Ad oggi, solo il 10% delle nostre scuole primarie, e il 23% delle nostre scuole secondarie, è connesso ad Internet con rete veloce. Le altre sono collegate a velocità medio-bassa, ma con situazioni molto differenziate, e spesso sufficienti a mettere in rete solo l’ufficio di segreteria, o il laboratorio tecnologico; quasi in una scuola su due (46%), la connessione non raggiunge le classi e quindi non permette quell’innovazione didattica che la Rete può abilitare.

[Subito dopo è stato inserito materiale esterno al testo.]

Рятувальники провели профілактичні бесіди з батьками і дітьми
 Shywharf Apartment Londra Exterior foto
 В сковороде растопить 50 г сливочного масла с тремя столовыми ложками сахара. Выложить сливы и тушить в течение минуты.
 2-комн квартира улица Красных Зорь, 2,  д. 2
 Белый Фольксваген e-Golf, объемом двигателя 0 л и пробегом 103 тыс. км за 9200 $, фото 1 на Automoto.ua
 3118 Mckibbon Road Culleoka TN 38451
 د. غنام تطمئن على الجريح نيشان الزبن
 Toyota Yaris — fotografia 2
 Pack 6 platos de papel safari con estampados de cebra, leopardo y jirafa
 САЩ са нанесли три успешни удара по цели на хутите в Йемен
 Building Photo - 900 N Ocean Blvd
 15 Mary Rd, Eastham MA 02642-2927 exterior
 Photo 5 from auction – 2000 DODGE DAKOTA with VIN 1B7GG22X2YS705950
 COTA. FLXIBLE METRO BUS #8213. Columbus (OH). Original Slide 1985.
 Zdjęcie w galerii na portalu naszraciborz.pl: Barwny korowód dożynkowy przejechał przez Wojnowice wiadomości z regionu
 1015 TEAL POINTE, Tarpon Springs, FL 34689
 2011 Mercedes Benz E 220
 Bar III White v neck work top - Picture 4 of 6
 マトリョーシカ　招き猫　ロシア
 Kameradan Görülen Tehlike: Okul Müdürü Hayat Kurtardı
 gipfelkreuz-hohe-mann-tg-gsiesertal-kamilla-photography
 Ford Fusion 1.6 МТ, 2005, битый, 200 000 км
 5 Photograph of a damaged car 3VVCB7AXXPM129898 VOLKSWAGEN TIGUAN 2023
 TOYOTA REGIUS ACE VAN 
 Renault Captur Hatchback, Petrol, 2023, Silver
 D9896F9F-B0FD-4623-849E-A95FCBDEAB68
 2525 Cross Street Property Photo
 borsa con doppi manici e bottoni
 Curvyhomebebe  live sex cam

Più della metà delle classi del nostro Paese, quindi, non può applicare forme di didattica digitale. Un digital divide che non possiamo permetterci, se abbiamo a cuore la nostra scuola.
Il processo di digitalizzazione della scuola è stato troppo lento, non solo per mancanza di risorse pubbliche. Abbiamo anche investito in tecnologie troppo “pesanti”, come le Lavagne Interattive Multi- mediali (le famose “LIM”), che hanno da una parte ipotecato l’uso delle nostre risorse per innovare la didattica, dall’altra parzialmente “ingombrato” le nostre classi, spaventando alcuni docenti.
La tecnologia non deve spaventare, ammonisce il governo dalle pagine del report sulla Buona scuola. Deve invece essere leggera e flessibile, adattandosi alle esigenze di chi la usa, allo stile dei nostri docenti, alla creatività dei nostri ragazzi.
Non deve essere costrittiva e catalizzare l’attenzione, ma deve essere abilitante, diffusa, personale, discreta. Rispettosa del valore umano dell’educazione, del valore sociale della didattica, e infine il più possibile sostenibile per le nostre risorse pubbliche.
"Questa è la visione su cui vogliamo investire - dichiara il Governo - per far sì che nessuna scuola sia isolata o lasciata indietro, e per completare, con urgenza, la digitalizzazione degli istituti scolastici di ogni ciclo".